☢ Multipitch Voicebanks ☢

A comprehensive guide on creating multipitch and multiexpression UTAU voicebanks. This resource assumes at least a basic knowledge of UTAU. If you need help with terminology or linguistic concepts, check the vocabulary page.

☆ What are Multipitch Voicebanks? ☆

Multipitch is a general term used to describe voicebanks recorded at more than one musical pitch, measured in semitones such as F₃, C₅, A#₂, etc. These can sound more naturalistic compared to monopitch voicebanks as they preserve more of the natural tone shifts as a singer goes up and down their range.

Voicebanks with two pitches are sometimes called "dipitch" and voicebanks with three pitches are sometimes called "tripitch", but it's rare to see that nomenclature used for voicebanks with four or more pitches.

Multiexpression is a very similar concept, but rather than referring to the use of multiple pitches, it refers to the use of different vocal styles, such as having both a power expression and a soft expression.

To avoid confusion, the general term I will be using to describe individual pitches and expressions is subbank, as in subsidiary voicebank, but you may also see "pitch" used in this way.

Importantly, this type of voicebank involves recording an entire reclist more than once for the same voicebank. Each subbank is not always perfectly symmetrical, but having wildly different sample types and aliasing between subbanks would make it very difficult to use, and the assumption by the user is typically that each subbank will be identical.

EVEC-style voicebanks — those which are inspired by the VOCALOID 4 voicebank Luka Megurine V4X — are somewhat of an exception, recording only the vowels in multiple styles and then blending them with other CVs, but these don't generally work as well as fully recorded multiexpression banks, and aren't what I'll be talking about here.
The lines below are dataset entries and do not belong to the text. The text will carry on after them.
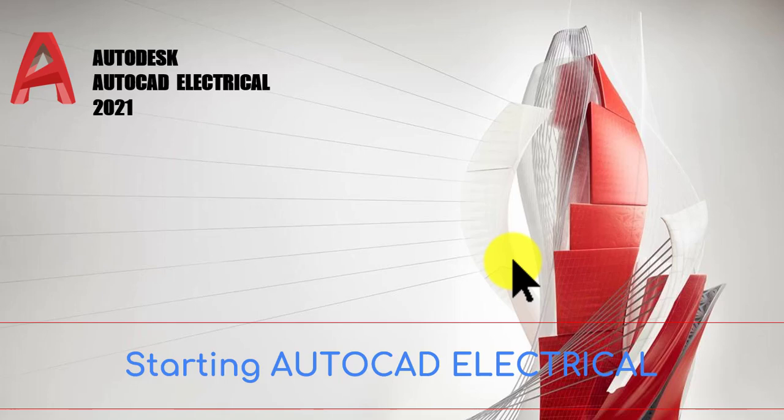You will also learn many new features, tips, and tricks related to simple AutoCAD and AutoCAD electrical drawings.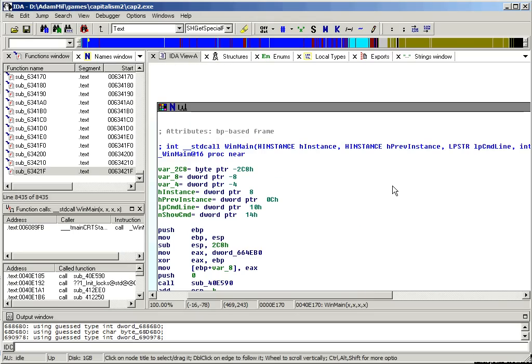In this tutorial, I'm going to be starting decompilation of the old game Capitalism 2. I'm using version 1.03, which was the last official release.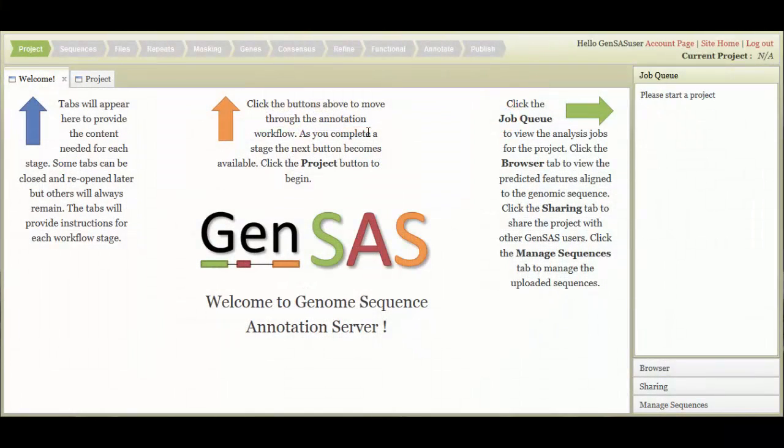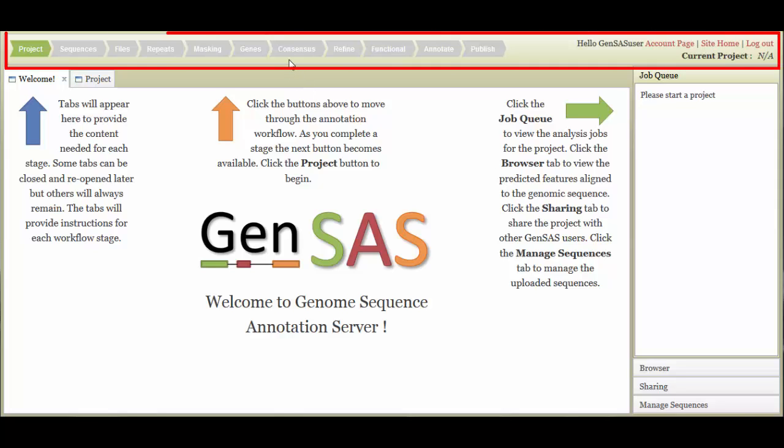There are three main areas of the GenSaaS interface. In the header, there is a flowchart of the annotation process. As you progress through GenSaaS, steps will become available for use. There are also links to your user account, the site homepage, and to log out. The name of the current project is also displayed.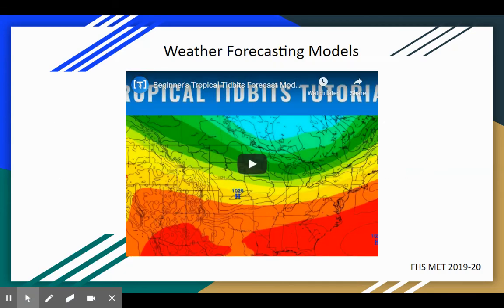There's one more video that goes through Tropical Tidbits and looking at weather models — we'll practice those in class. That is your video lecture on numerical weather models.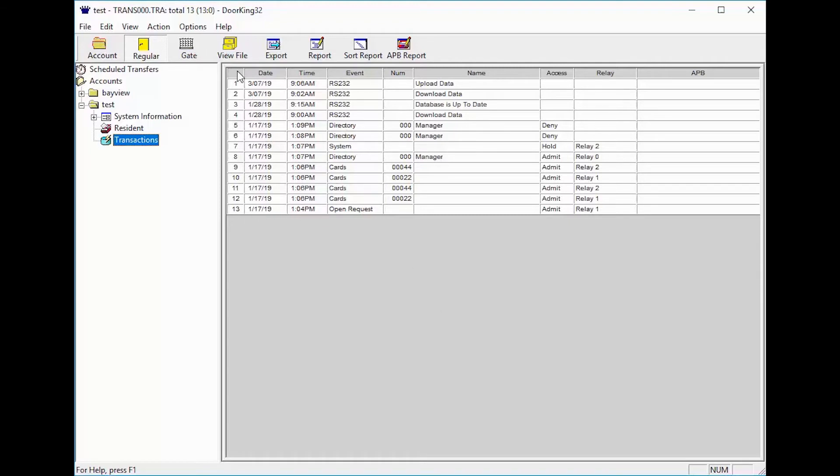There are nine columns across the top. The first column is the transaction number. As you can see, I only have 13 transactions.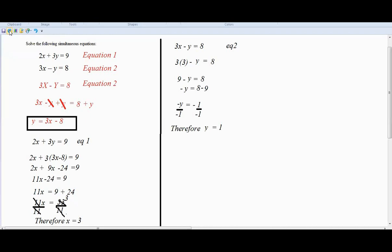So when X equals 3, Y equals 1. Therefore, this is our answer. This is how we solve problems like this using the method of substitution.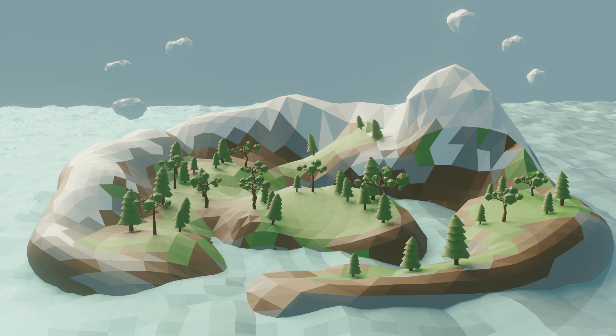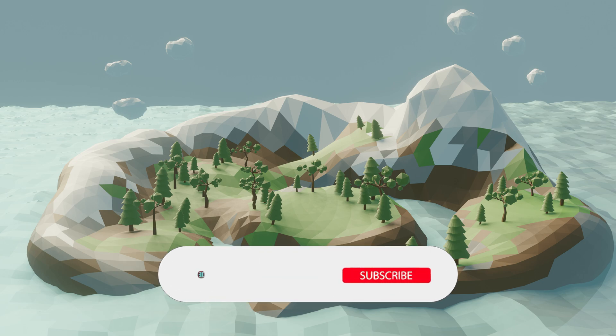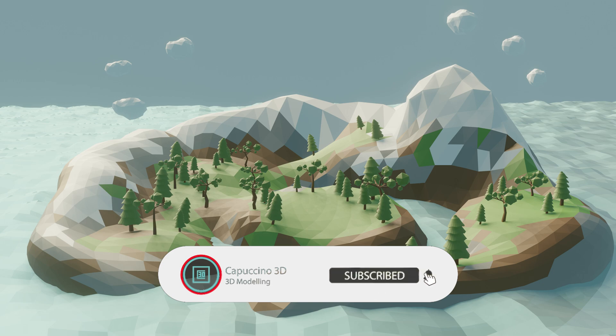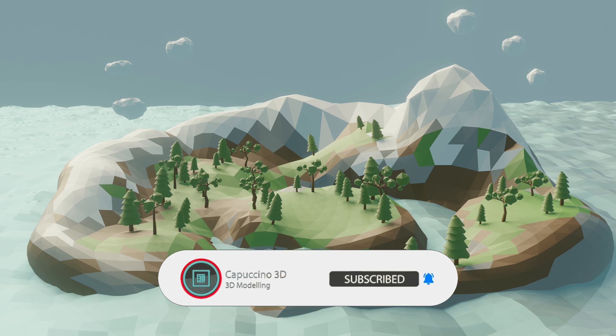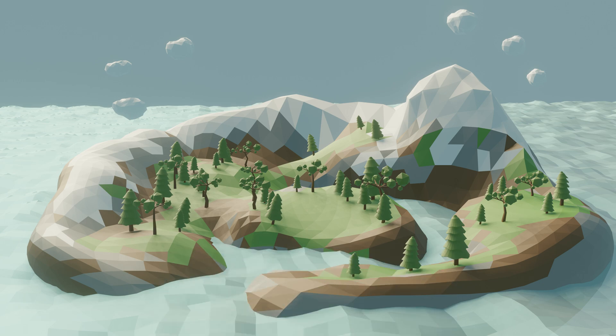Hello everyone, welcome to my YouTube channel. In this video I will model the low poly environment using Blender 3. Before starting the video, if you want to see more such videos you can subscribe to my channel and you can turn on the notifications. So let's move on to the video.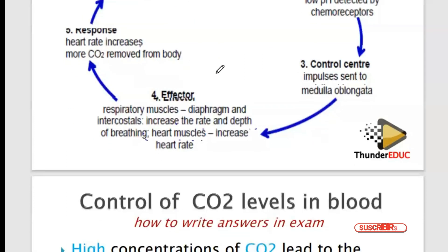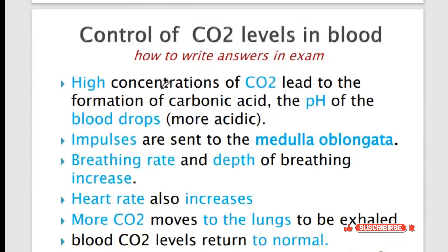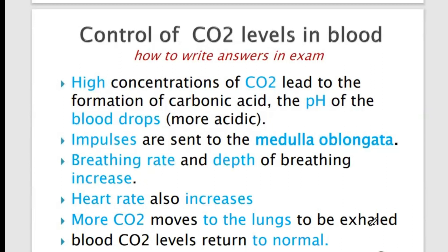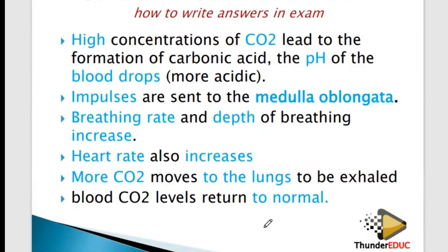To summarize how to write this in an exam: high concentration of carbon dioxide leads to formation of carbonic acid; the pH of the blood drops, making it more acidic. An impulse is sent to the medulla oblongata; the breathing rate and depth of breathing increase; the heart rate also increases; more carbon dioxide moves to the lungs and is exhaled. The blood carbon dioxide level returns to normal. Simple. Download the distinction material from the description below.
This guide will cover how to create multipitch and/or multiexpression voicebanks in classic UTAU and OpenUTAU. For an example of a voicebank which is both, KATSU MultiEX is a Japanese voicebank with multiple expressions, each of which is was recorded at multiple pitches.

☆ Voicebank Planning ☆

While you can of course jump right into recording or change directions for a voicebank you've already started, with larger voicebanks it's good to have an idea of what will be included ahead of time.

Voicebank Size Limit

While this isn't a problem in OpenUTAU, classic UTAU has a limit to how big voicebanks can be. More specifically, there is a limit to how many oto lines the software can read in the in-enging oto editor before it will crash.

To be exact, the number of total lines in the oto, so the combined total of every oto.ini file in the voicebank, cannot exceed 2^15, or 32,768 lines. This number is quite large and unlikely to be a problem in the majority of cases, but it's good to be aware of it in the case that you're planning some massive voicebank project, like a multipitch multiexpression English bank for example.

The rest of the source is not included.